Key Challenge: A fundamental tension exists between compression efficiency and distribution generalizability in AI-based methods, and between generalizability and network capacity/coding efficiency in INR methods.

Goal: How to achieve lossless point cloud geometry compression within an INR framework while controlling decoder size and encoding time?

Key Insight: The paper draws inspiration from the Group of Pictures (GoP) concept in video coding — adjacent frames share a single lightweight decoder network to amortize parameter overhead; the overfitted network from the previous GoP initializes the next GoP to accelerate convergence.

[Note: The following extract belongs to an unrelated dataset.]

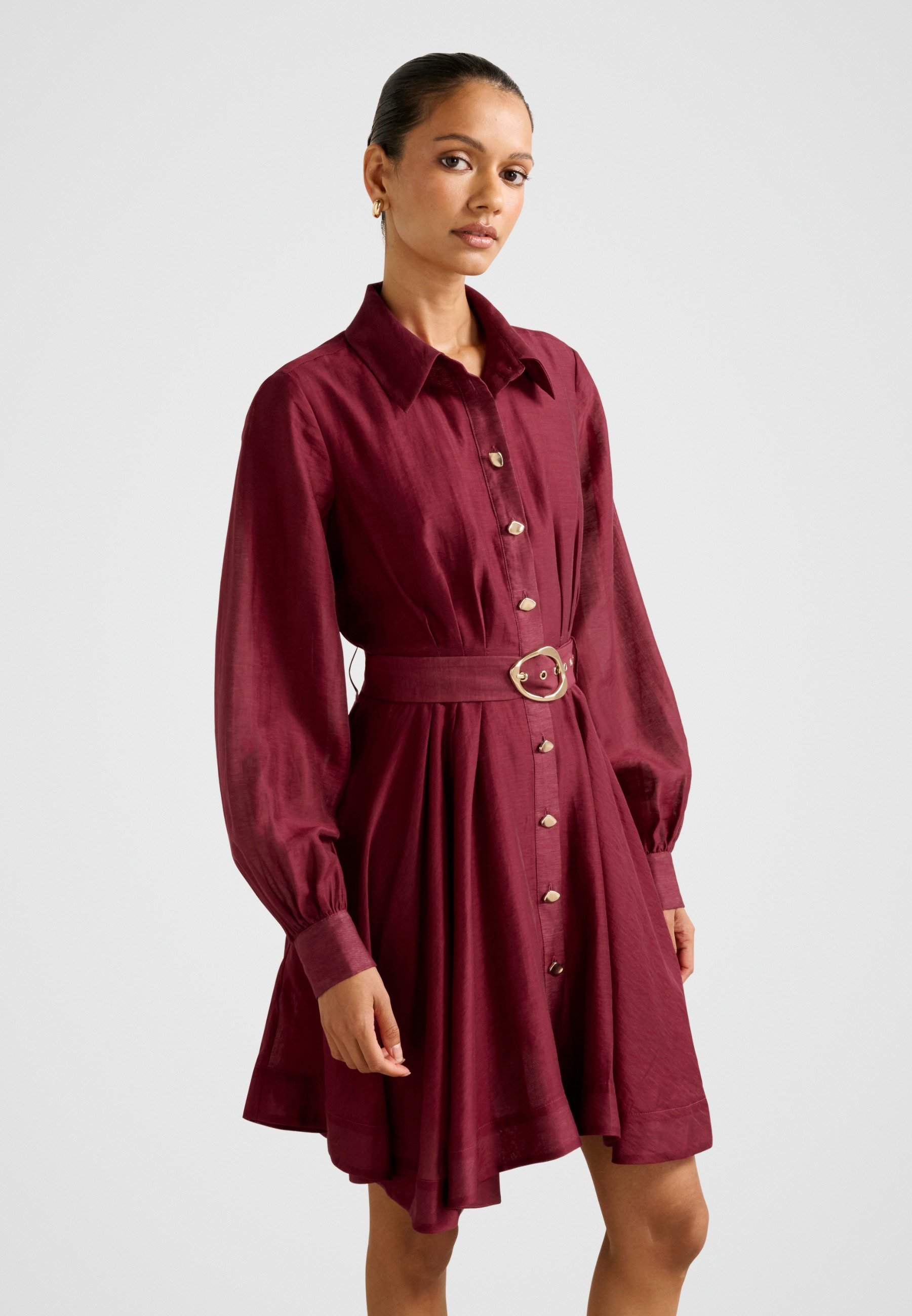 Forever New Petite EVELYN SEAM DETAIL MINI - Shirt dress - beet  red/bordeaux - Zalando.ie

Core Idea: Reduce parameter overhead via GoP-level network sharing + achieve efficient lossless compression via multi-scale SparseConv child node prediction + save approximately 65% of encoding time through an initialization strategy.

Method¶

Overall Architecture¶

The input is a point cloud sequence \(S = \{x_1, ..., x_M\}\), grouped and encoded by GoP (GoP size T=32 frames). Encoding each GoP consists of three steps: 1. Initialization: Initialize the current GoP's network parameters using the overfitted parameters from the previous GoP. 2. Encoding: Overfit the network parameters → separate into pc-encoder and pc-decoder → encode the point cloud + quantize and compress pc-decoder parameters. 3. Decoding: Decompress pc-decoder parameters → decode the point cloud scale by scale.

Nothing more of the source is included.